The tRNAs are also not equally distributed, neither in the codon-anticodon pairing, the aromatics are coded for by only one or two, I suppose this is somewhat reflected in the frequency (see above).
Even within one amino acids possible tRNA the ratio's are species dependant to a remarkable degree (see codon optimisation in genetic engineering. You can also tell by sequence analysis if horizontal transfer has occurred if the frequencies are all wrong) and is used to regulate synthesis. e.g. if a species has tRNA UUU : tRNA UUC of 3 : 1 then (classically) one would expect a protein incorporating phenylalanine as UUC to take 3 times longer than UUU to incorporate.

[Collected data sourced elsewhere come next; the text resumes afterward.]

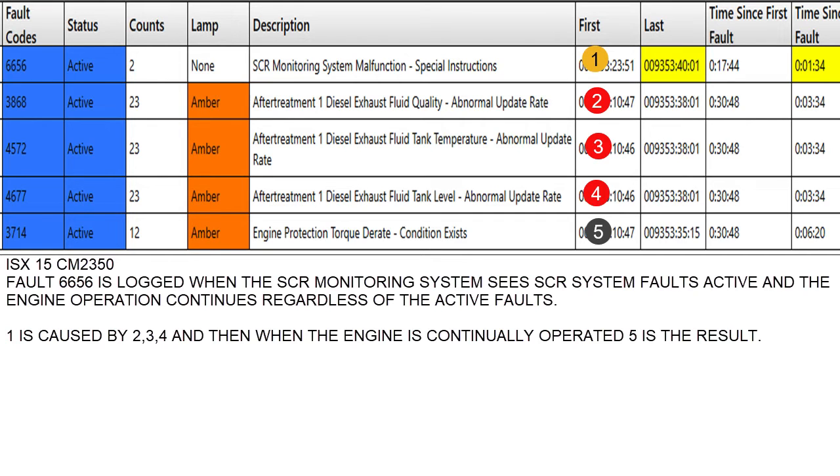All we had to do was change the DEF head assembly and the DEF tank, then key on and start it. The faults all went inactive. We cleared them, and when we cleared them, the MIL light went out and he was on his way.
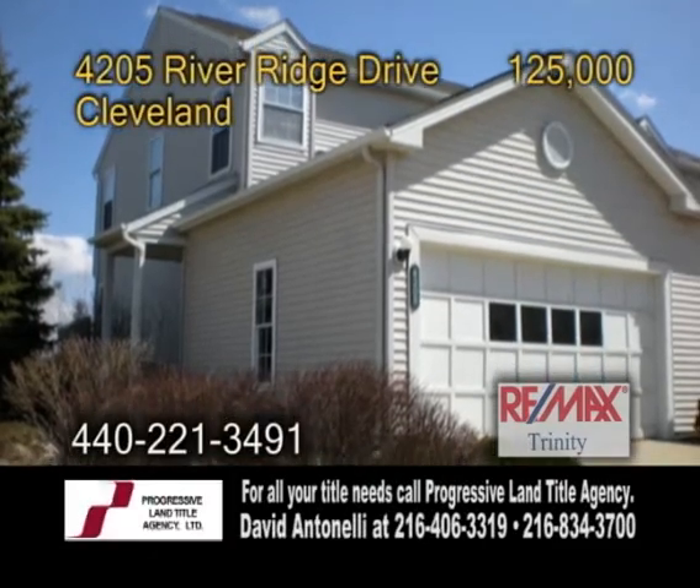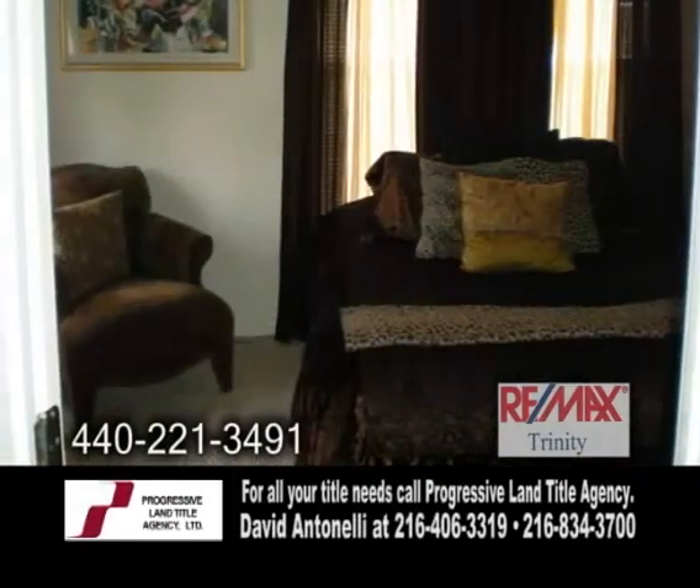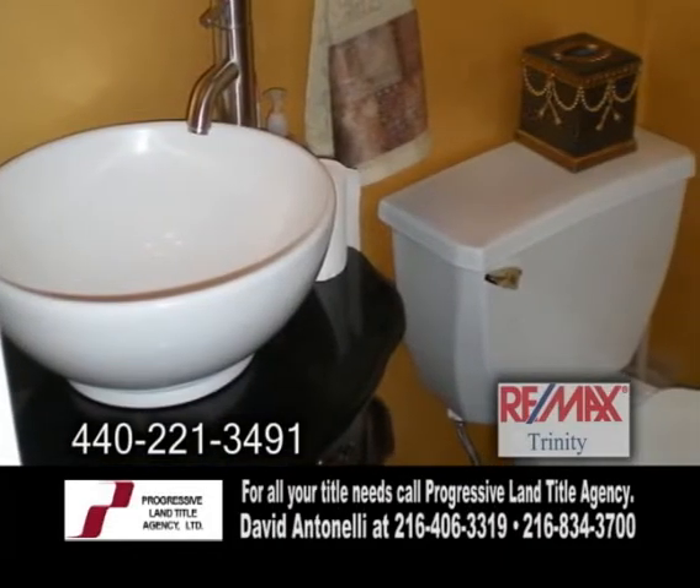A two-story end-unit townhome in Cleveland. This three-bedroom, two-and-a-half bath home features a two-car attached garage.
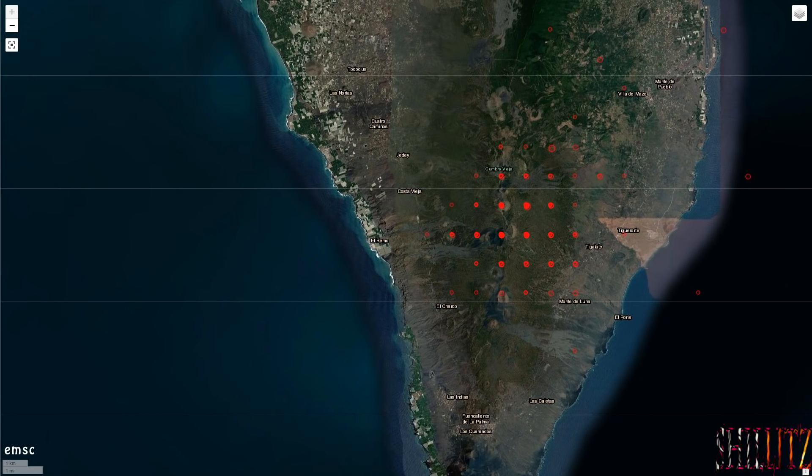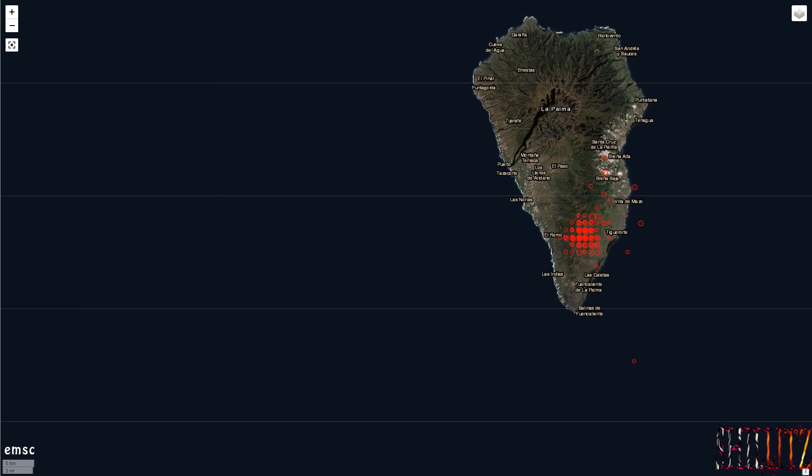I'm just thinking, what on earth is the explanation for this grid pattern? If anyone's got any ideas of how this grid pattern has been formed or what's going on, it'd be great to hear some people's theories on this. Thanks for watching.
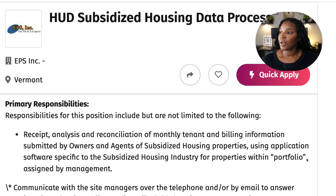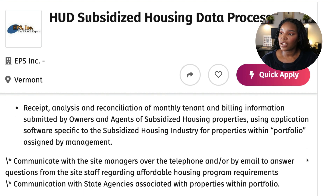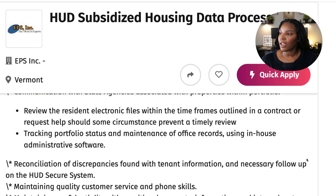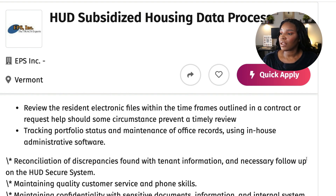Primary responsibilities for this position include but are not limited to: receipt, analysis, and reconciliation of monthly tenant and billing information submitted by owners and agents of subsidized housing properties, using application software specific to the subsidized housing industry for properties within the portfolio assigned by management. Communicate with site managers over the telephone or by email to answer questions from site staff regarding affordable housing program requirements. Communication with state agencies associated with properties within the portfolio. Review the resident electronic files within the timeframes outlined in the contract, or request help should some circumstance prevent a timely review.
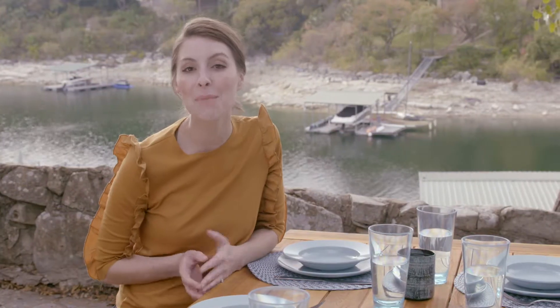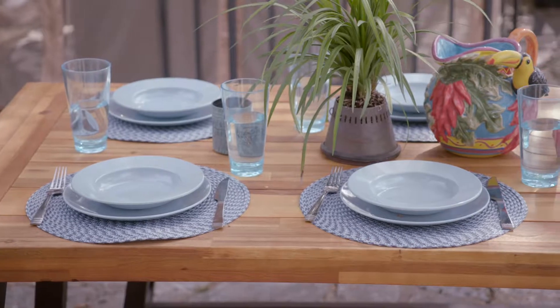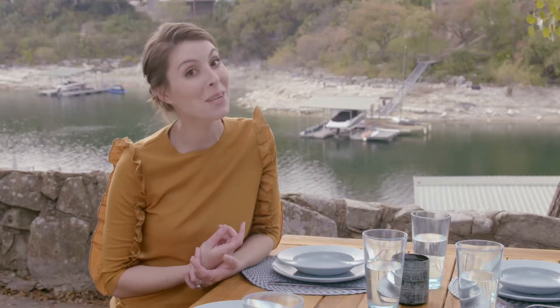Dinner shouldn't be drab. Makeover mealtime with bright acrylic dinnerware. It's fun, inexpensive, and most importantly for outdoor dining, it's durable. Shatter-resistant acrylic won't break when dropped, making it the perfect patio plate.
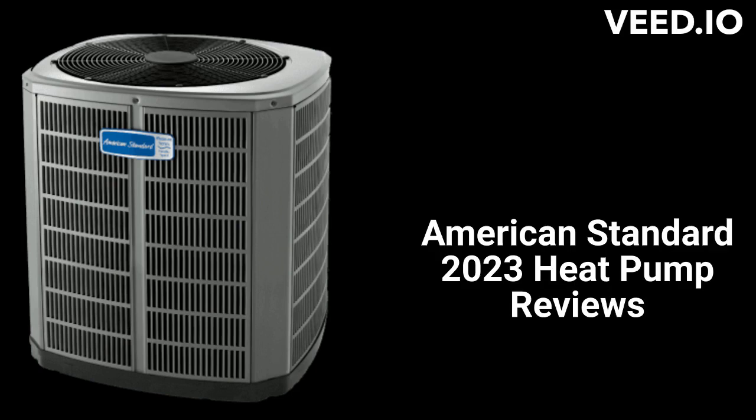This brand is from Trane Technologies and is sold by factory authorized dealers in the USA and Canada. All of the units use full-louvered metal panel construction to protect the condenser coil from mechanical damage. They all have a durable appliance-grade finish as well as rust-resistant screws.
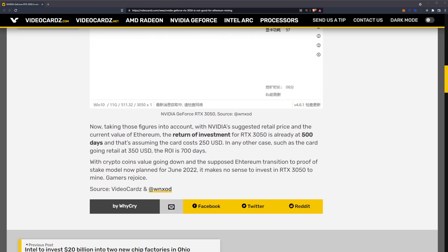The article continues: taking those figures into account with NVIDIA's suggested retail price and current value of Ethereum, the return on investment for the RTX 3050 is already at 500 days, assuming the card costs $250. If the card goes retail at $350, the ROI would be 700 days. With crypto coin values going down and the supposed Ethereum transition to proof-of-stake now planned for June 2022, it makes no sense to invest in the RTX 3050 to mine.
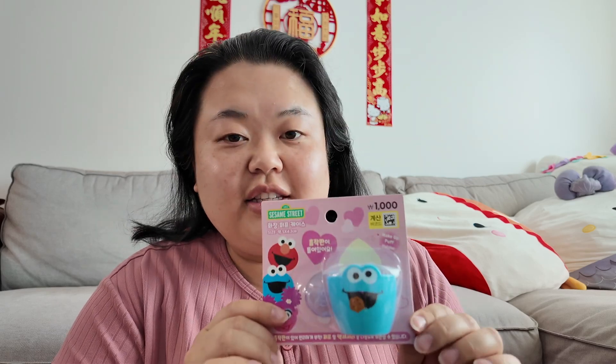Then I got something from Daiso — I love Daiso so much. I got this little sponge makeup sponge holder that you suction cup to your mirror. I thought it would be a good place to let it dry a bit, and this was 1,000 won, which is around a dollar.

Speaking as an MIT alumnus, some of the school's promotional material is glitzy on the outside and hollow on the inside. The MIT Tech Review's "Emerging Technologies" column is particularly bad. I've written numerous rants over the years rebutting incredibly misleading viral articles from it. It's a shame that people automatically trust it because of the MIT name.
"our coverage is independent of any influence, including our ownership by MIT."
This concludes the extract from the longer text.